■ **Source information**:
⁂

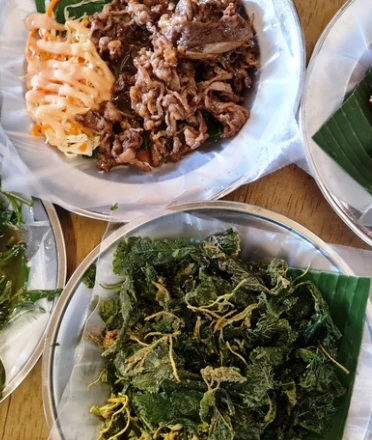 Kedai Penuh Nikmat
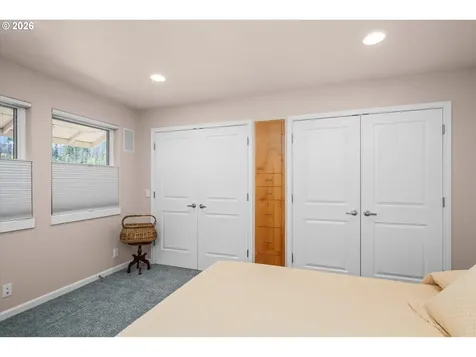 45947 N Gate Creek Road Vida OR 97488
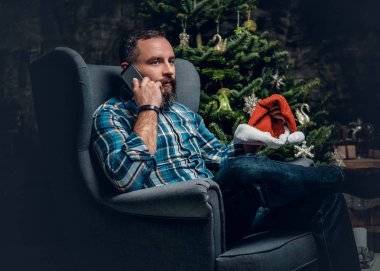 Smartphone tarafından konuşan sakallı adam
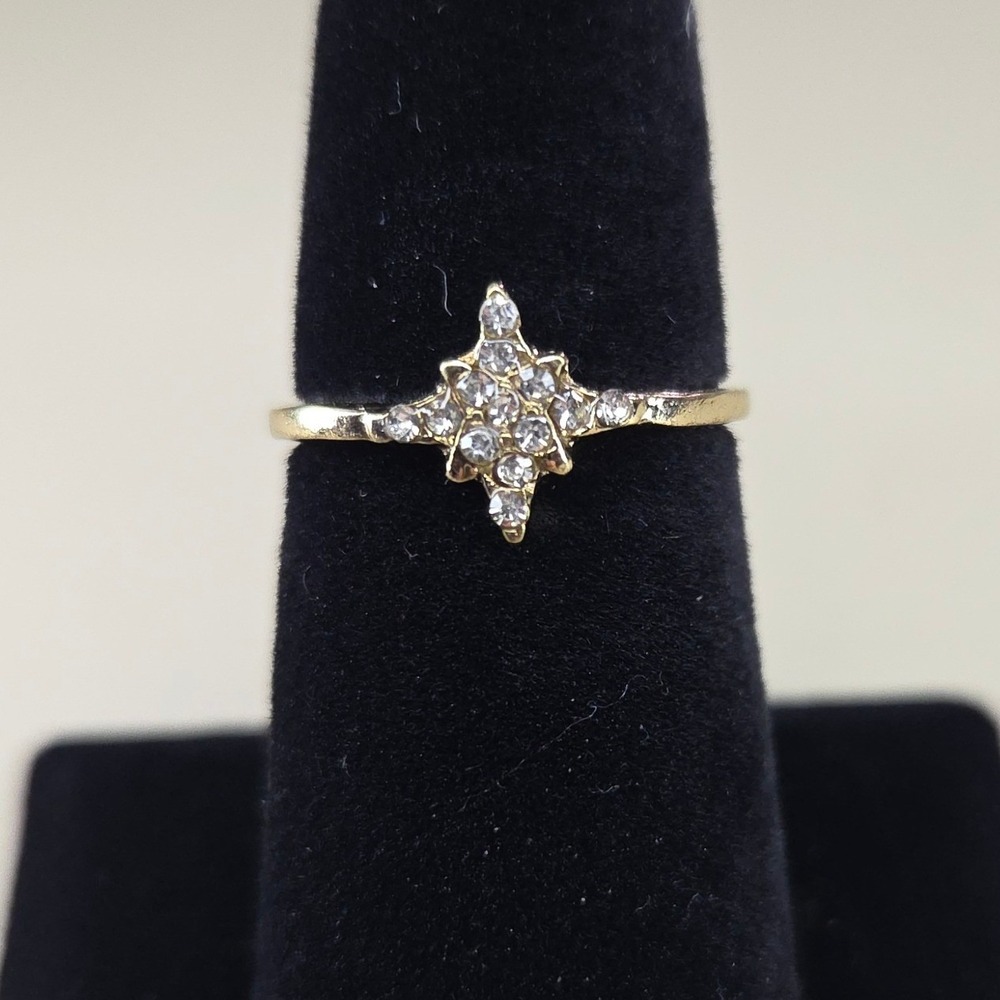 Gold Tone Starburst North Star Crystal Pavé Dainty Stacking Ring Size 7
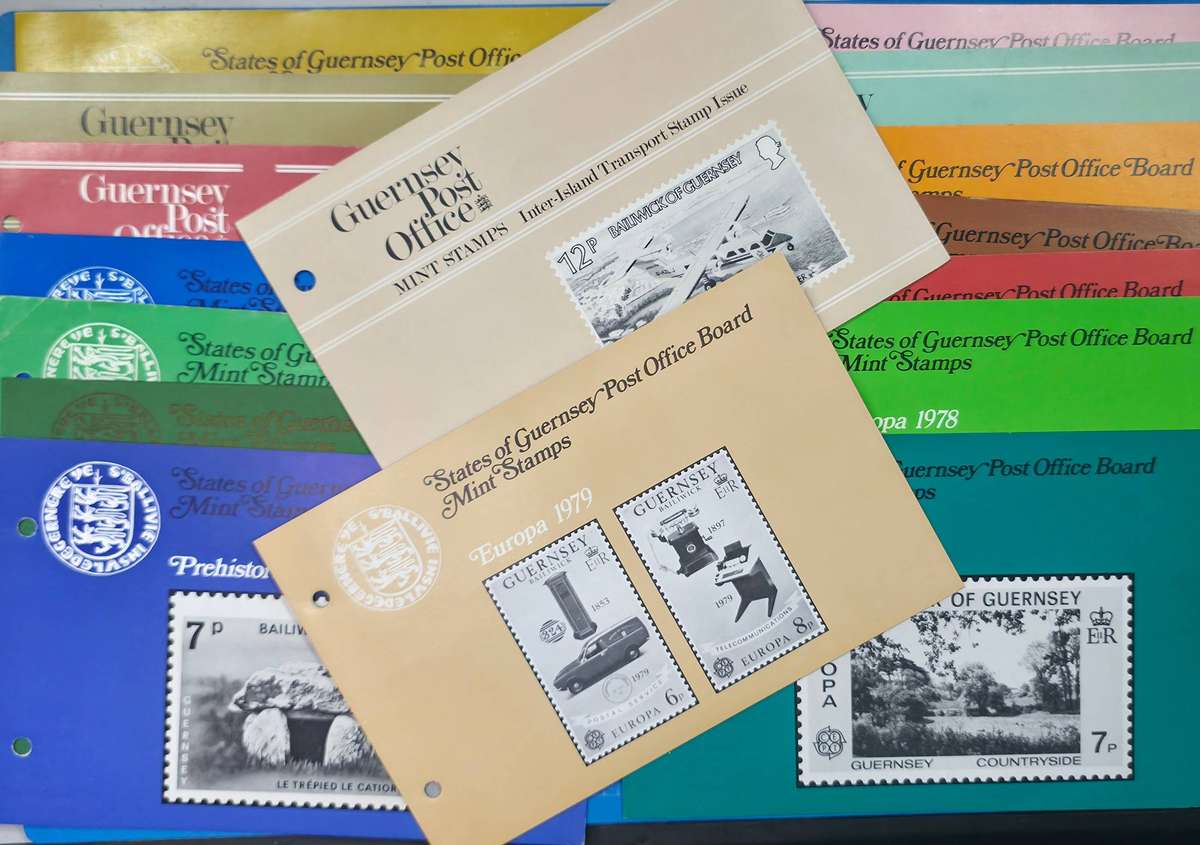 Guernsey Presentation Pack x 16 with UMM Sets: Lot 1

⁂

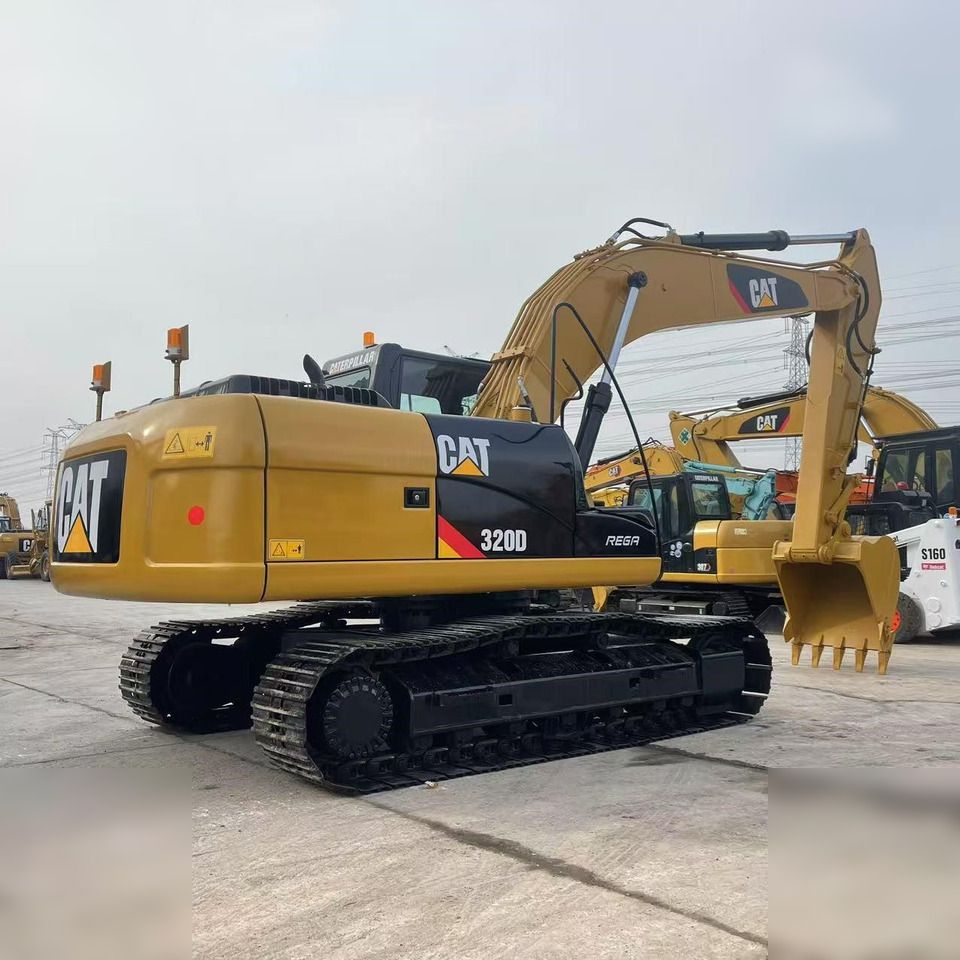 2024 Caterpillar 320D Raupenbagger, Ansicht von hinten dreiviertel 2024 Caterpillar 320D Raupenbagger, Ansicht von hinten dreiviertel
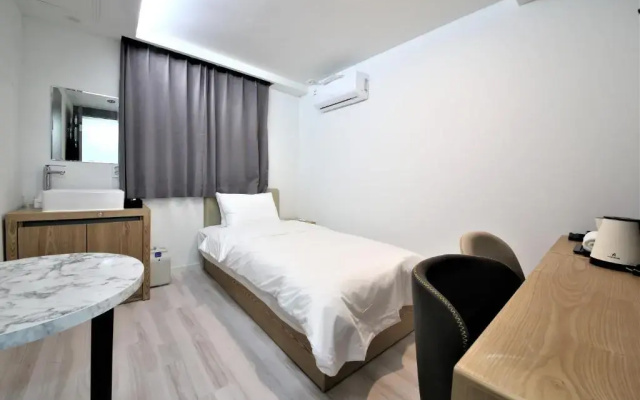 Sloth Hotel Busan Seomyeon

⁂

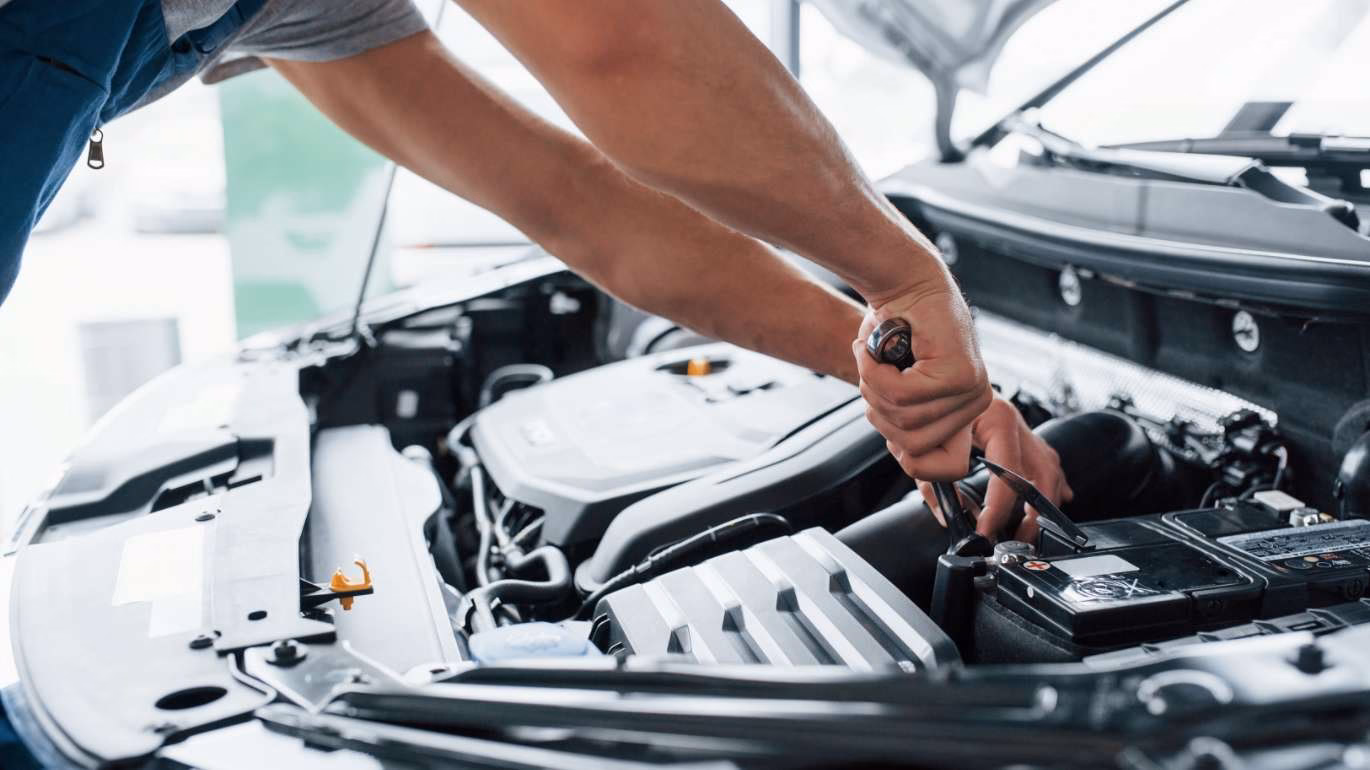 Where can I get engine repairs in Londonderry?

⁂

■ **Activity**: Every line above from the one with "Kedai Penuh Nikmat" down to the one with "Guernsey Presentation Pack" must be written out exactly, and no picture may appear.

■ **Answer for this exercise**:
 Kedai Penuh Nikmat
 45947 N Gate Creek Road Vida OR 97488
 Smartphone tarafından konuşan sakallı adam
 Gold Tone Starburst North Star Crystal Pavé Dainty Stacking Ring Size 7
 Guernsey Presentation Pack x 16 with UMM Sets: Lot 1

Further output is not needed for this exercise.